Items from a dataset
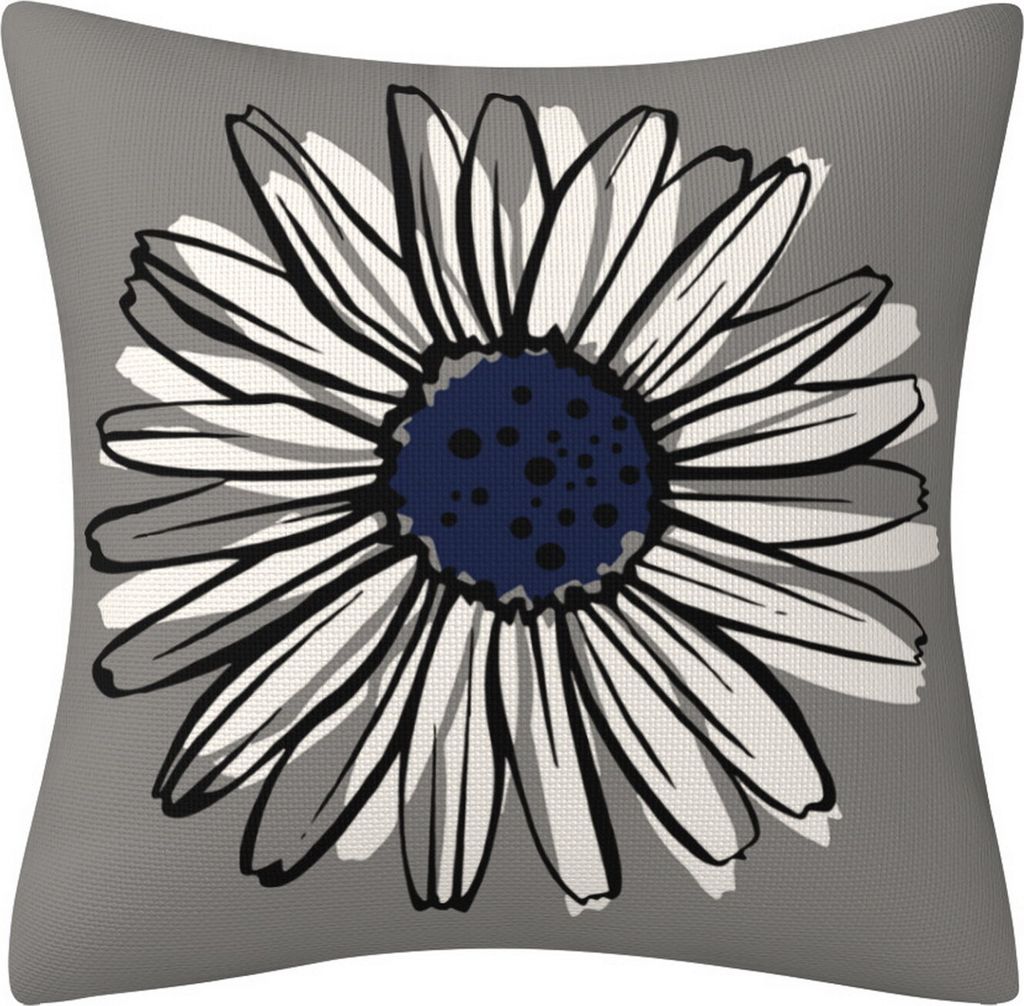 45x45CM Moderne Quadratische Kissenbezüge Blumenmuster Kissenbezug Versteckter Reißverschluss Sofakissenbezug Home Schlafzimmer Bettwäsche Dekor...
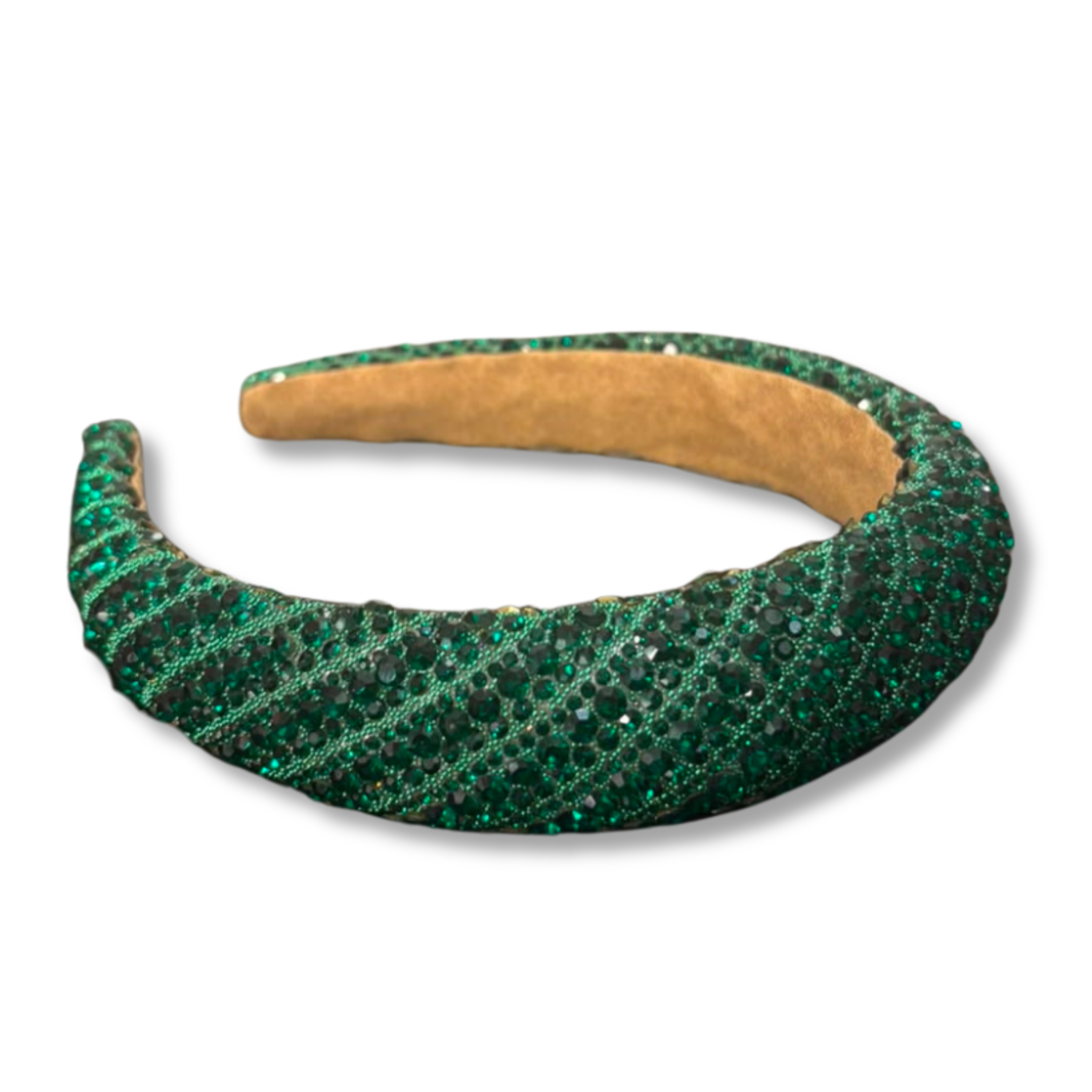 Dark Green Dazzle Crown Headband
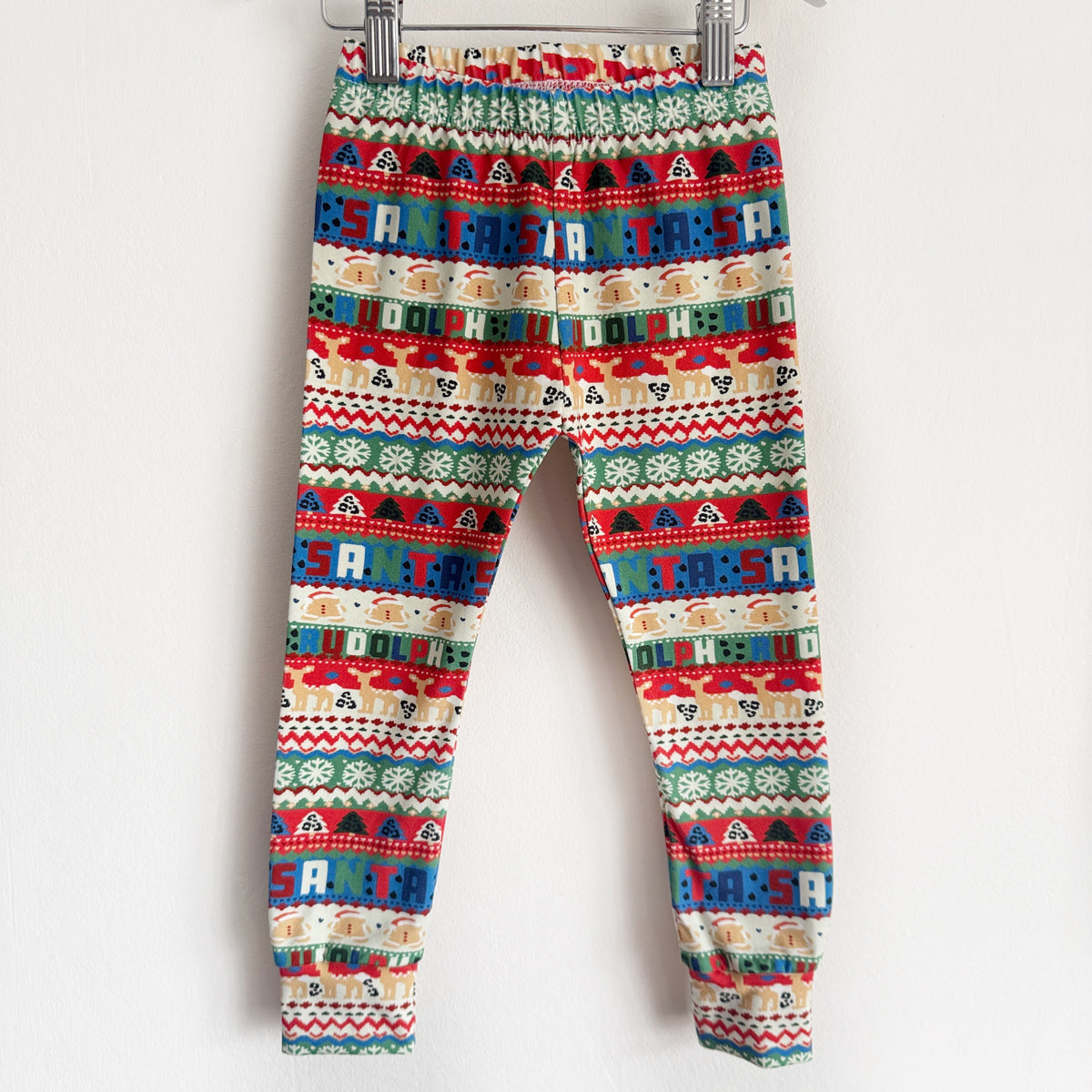 Xmas Fair Isle Leggings 2-3 Years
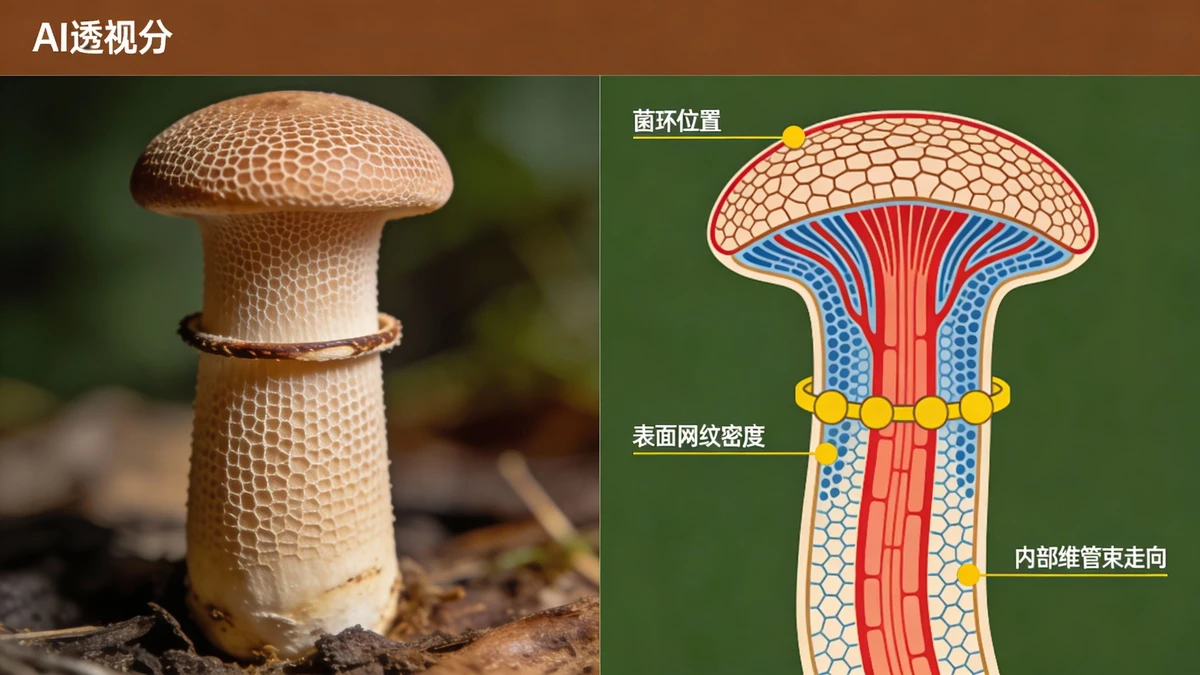 菌柄特征识别示例1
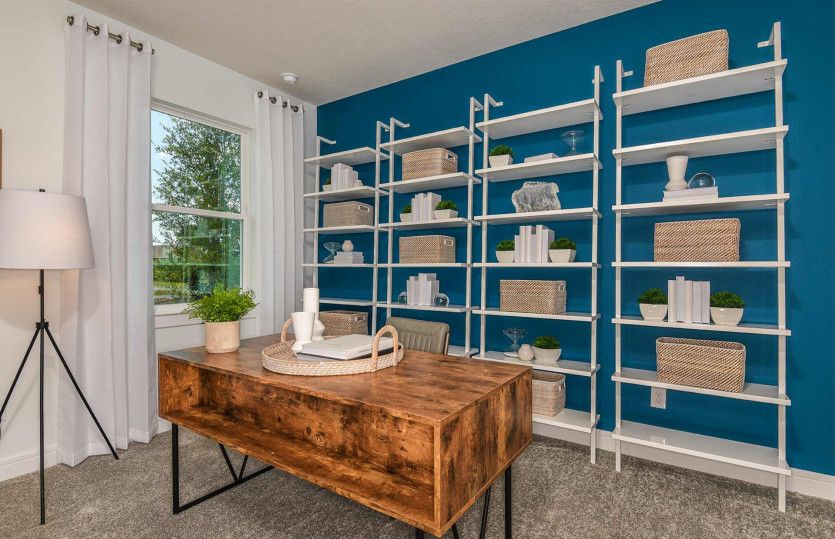 Bedroom 2 as a Home Office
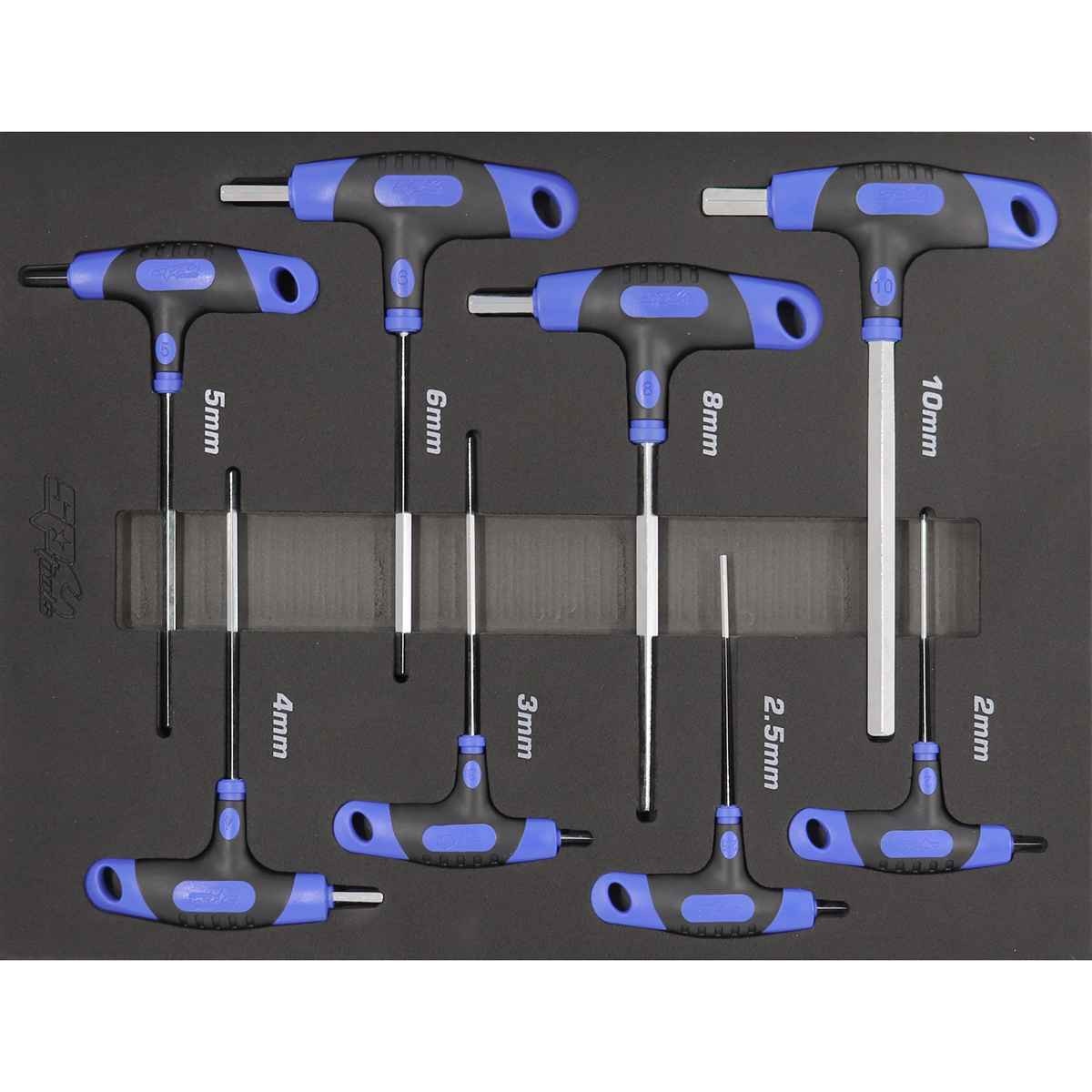SP Tools USA - 8PC METRIC HEX KEY T-HANDLE SET w/ EVA FOAM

Problem details: Return nothing except the lines from the line with "Dark Green Dazzle Crown Headband" through the last line of the records above, copied exactly and without pictures.

Answer to this problem:
 Dark Green Dazzle Crown Headband
 Xmas Fair Isle Leggings 2-3 Years
 菌柄特征识别示例1
 Bedroom 2 as a Home Office
SP Tools USA - 8PC METRIC HEX KEY T-HANDLE SET w/ EVA FOAM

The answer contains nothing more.